### Instructions to follow
Please set down each of the lines below once more, exactly, omitting all pictures.

Records from a dataset:
>>
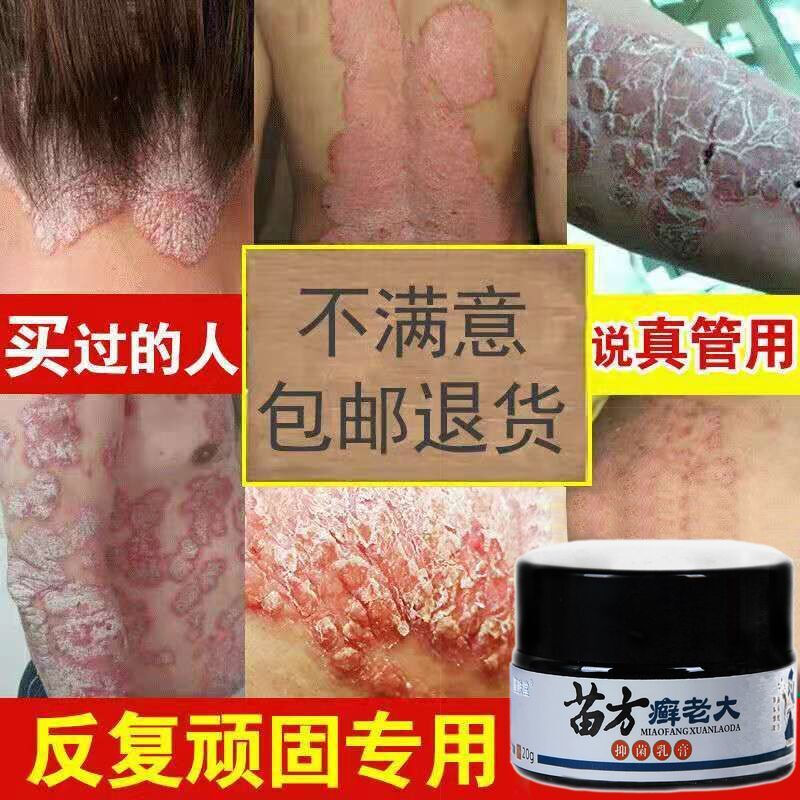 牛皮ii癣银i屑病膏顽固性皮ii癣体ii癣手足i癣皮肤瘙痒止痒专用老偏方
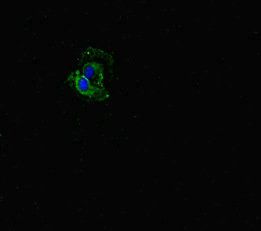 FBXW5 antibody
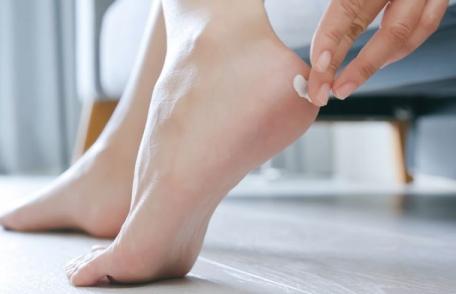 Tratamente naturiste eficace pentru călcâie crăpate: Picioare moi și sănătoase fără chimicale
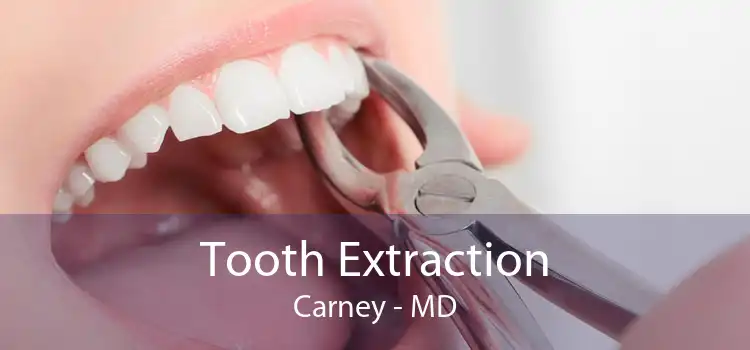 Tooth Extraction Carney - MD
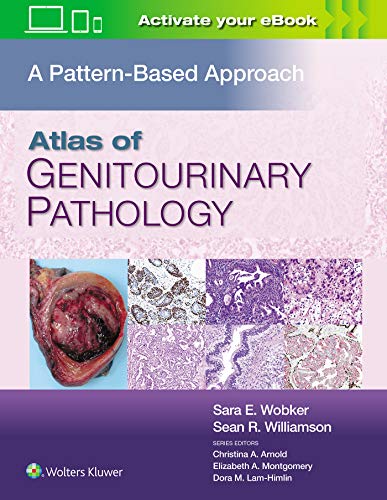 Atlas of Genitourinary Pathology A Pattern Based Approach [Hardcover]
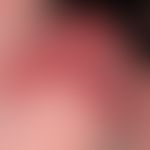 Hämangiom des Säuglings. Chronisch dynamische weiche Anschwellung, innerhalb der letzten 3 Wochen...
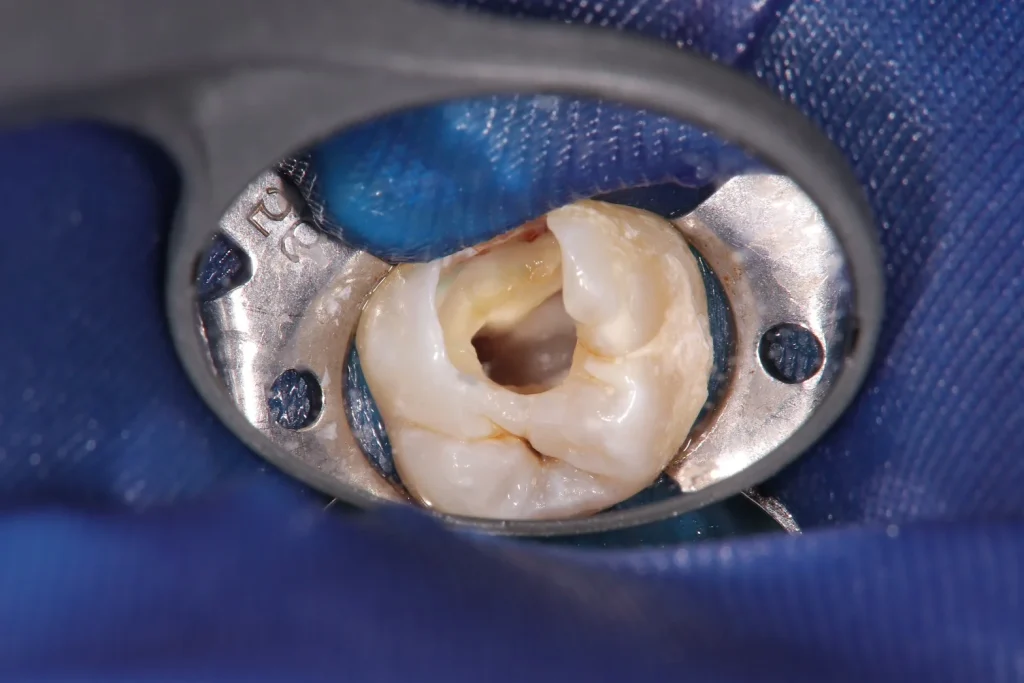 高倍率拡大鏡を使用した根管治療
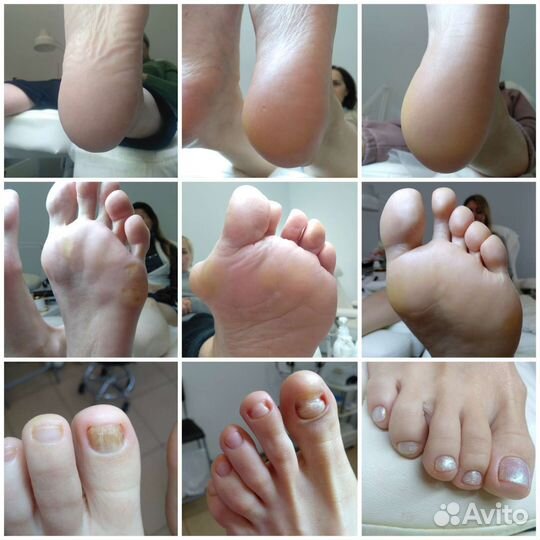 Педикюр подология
<<
### Expected answer
 牛皮ii癣银i屑病膏顽固性皮ii癣体ii癣手足i癣皮肤瘙痒止痒专用老偏方
 FBXW5 antibody
 Tratamente naturiste eficace pentru călcâie crăpate: Picioare moi și sănătoase fără chimicale
 Tooth Extraction Carney - MD
 Atlas of Genitourinary Pathology A Pattern Based Approach [Hardcover]
 Hämangiom des Säuglings. Chronisch dynamische weiche Anschwellung, innerhalb der letzten 3 Wochen...
 高倍率拡大鏡を使用した根管治療
 Педикюр подология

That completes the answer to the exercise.